Let $\mathcal B=\mathcal B_{k,n,p}$ be a random collection of $k$-subsets of $[n]$ where each possible set is present independently with probability $p$. Let $\cal E_{\mathcal B}$ be the event that $\mathcal B$ defines the set of bases of a matroid. We prove that If $p= 1-\frac{c_n}{(k(n-k)\binom nk)^{1/2}}$ where $0\leq c_n\leq \infty$, then \[ \lim_{n\to\infty}\Pr[\cal E_{\cal B}\mid |\cal B|\geq2]=\begin{cases}1&c_n\to0.\\e^{-c^2/2}&c_n\to c.\\0&c_n\to \infty.\end{cases}\] In addition, we identify a condition preventing the occurence of $\cal E_{\cal B}$ and prove a hitting time version for the occurence of $\cal B$. We also prove that when $\cal E_{\mathcal B}$ occurs, $\mathcal B$ defines a sparse paving matroid w.h.p. In addition, study a greedy algorithm that produces a random matroid defined by a collection of hyperplanes. We use this to improve the estimates in \cite{HPV} on $\log m(n,k),\log p(n,k), \log s(n,k)$ where $ m(n, k), p(n, k), s(n, k)$ denote the number of matroids, paving matroids, and sparse paving matroids (respectively) of rank $k$ on $[n]$. Our improvement lies in that we can deal with $k$ growing slowly with $n$ as opposed to $k=O(1)$ in \cite{HPV}. More generally, we obtain estimates for the number of matchings in nearly-regular hypergraphs with small codegree, which may be of independent interest.

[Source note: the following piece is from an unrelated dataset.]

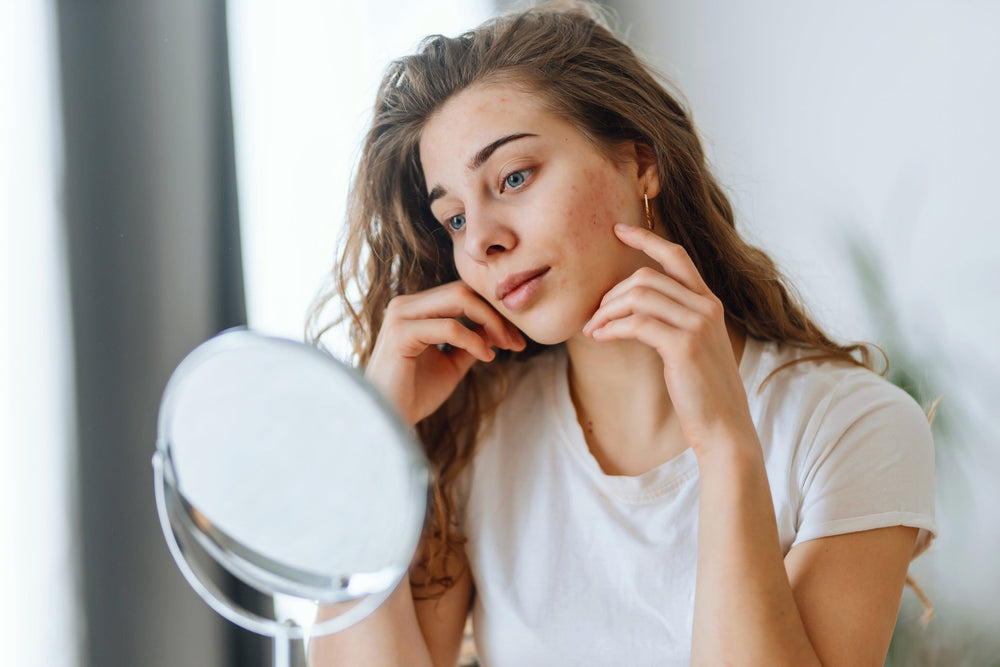 Effective Acne Treatment Products: What to Look For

翻译：设 $\mathcal B=\mathcal B_{k,n,p}$ 为 $[n]$ 所有 $k$-子集的随机集合，其中每个子集以独立概率 $p$ 出现。令 $\cal E_{\mathcal B}$ 表示事件 $\mathcal B$ 定义了一个拟阵的基集。我们证明：若 $p= 1-\frac{c_n}{(k(n-k)\binom nk)^{1/2}}$，其中 $0\leq c_n\leq \infty$，则 \[ \lim_{n\to\infty}\Pr[\cal E_{\cal B}\mid |\cal B|\geq2]=\begin{cases}1&c_n\to0.\\e^{-c^2/2}&c_n\to c.\\0&c_n\to \infty.\end{cases}\] 此外，我们识别了阻止 $\cal E_{\cal B}$ 发生的条件，并证明了 $\cal B$ 发生的击时版本。我们还证明，当 $\cal E_{\mathcal B}$ 发生时，$\mathcal B$ 以高概率定义了一个稀疏铺砌拟阵。进一步，我们研究了一种由超平面集合定义随机拟阵的贪心算法，并用其改进 \cite{HPV} 中关于 $\log m(n,k),\log p(n,k), \log s(n,k)$ 的估计，其中 $m(n, k), p(n, k), s(n, k)$ 分别表示 $[n]$ 上秩为 $k$ 的拟阵、铺砌拟阵和稀疏铺砌拟阵的个数。我们的改进在于能够处理 $k$ 随 $n$ 缓慢增长的情形，而 \cite{HPV} 中仅适用于 $k=O(1)$。更一般地，我们获得了小余度近正则超图中匹配数的估计，该结果可能具有独立意义。